A council spent more than £5,000 on fact-finding visits to do with waste disposal and travelled further than a round-the-world trip.

A group of Essex county councillors and officers clocked up roughly 28,189 miles on trips to China, Barcelona, Dusseldorf, Milan, Madrid, Hanover, Leicester and Tel Aviv between 2002 and 2007.

The equatorial circumference of the world is about 24,902 miles.

The list of visits was included in documentation for the authority's private finance initiative (PFI) project, which it hopes will secure £90 million in Government cash to invest in recycling and waste disposal over 25 years.

Rivenhall has been controversially included in the project as an example location for a waste-burning energy plant.

Information released through the Freedom of Information Act revealed that Essex County Council spent about £5,534.32 on the trips.

James Abbott, district councillor for Bradwell, Rivenhall and Silver End, and chairman of the Essex Green Party, said: "You don't necessarily need to do physical trips to all these places.

"It conflicts with all the talk of reducing carbon footprints and climate change."

A county council spokesman said: "Spending £5,534 over five years to make sure we get it right before millions are invested was felt justified, as the cost if we get it wrong will be far higher both financially and environmentally."
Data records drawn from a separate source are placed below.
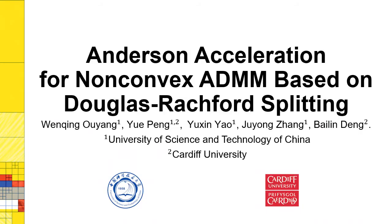Hi everyone, welcome to the presentation of this SIGGRAPH paper. The title is Enhanced Acceleration for Non-Convex ADMM Based on Douglas-Rachford Splitting. This is Wenchen Ouyang from the University of Science and Technology of China.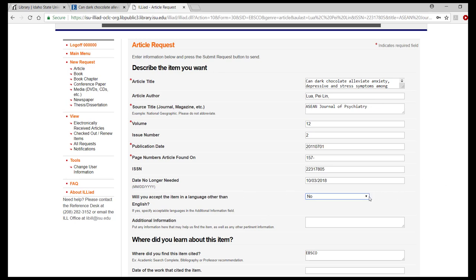The language field is defaulted to no. A number of articles are published in another language and are not translated into English. If you speak the language indicated in the detailed record or know someone who would be willing to translate for you, change the language field to yes.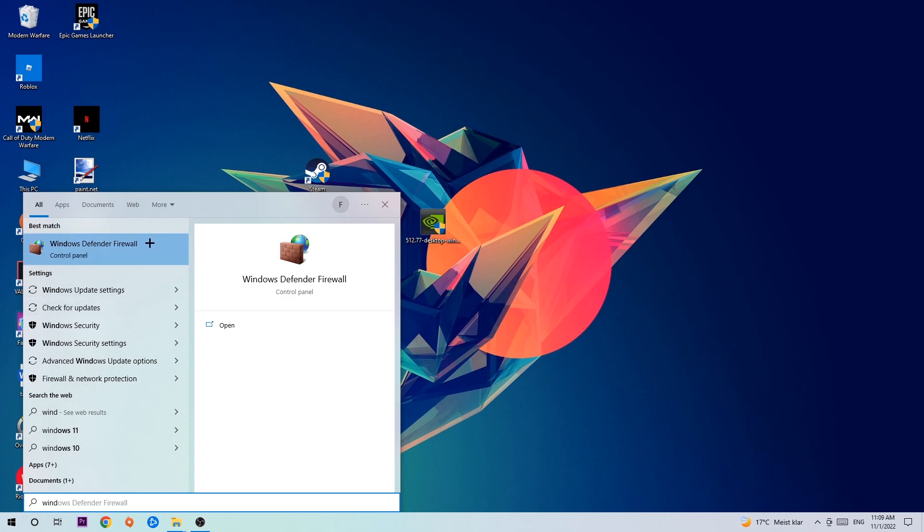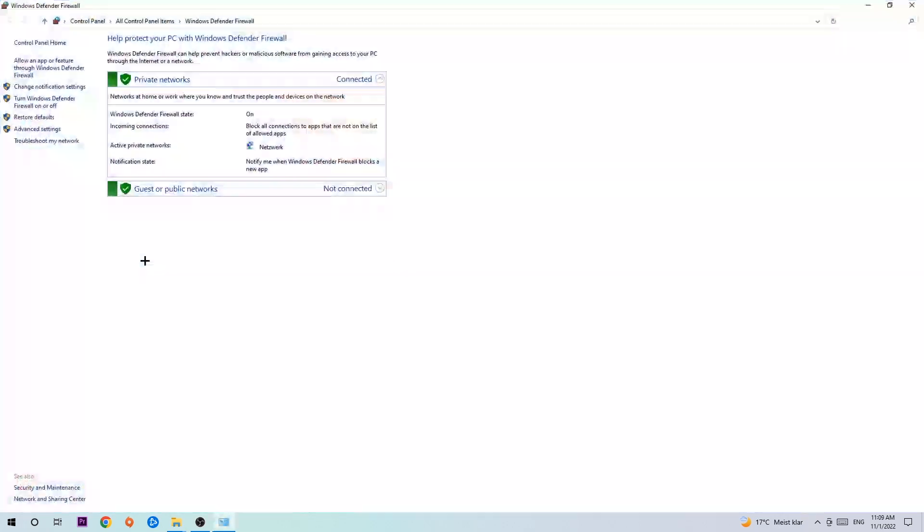You're going to type it in and once this one pops up, click Windows Defender Firewall, just simply hit enter or left click it.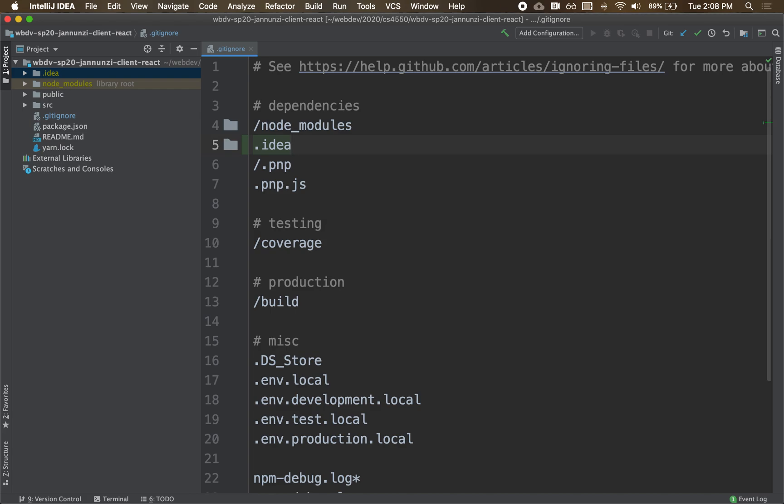All right? Because we might have different IDEs, right? So we don't want to store anything specific to your current IDE. What else do we have here? Let's go in there. Let's peruse through here.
Nearly 450,000 tonnes of waste is sent to landfill every year in Essex, and the authority must look abroad for solutions other than landfill or mass-burn incineration, she said.

The spokesman said the China trip related to a visit by Graham Tombs, director for environment and commerce, to address a meeting of environmental specialists looking at waste management in Nanjing, where he spoke about Europe's approach and options other than landfill.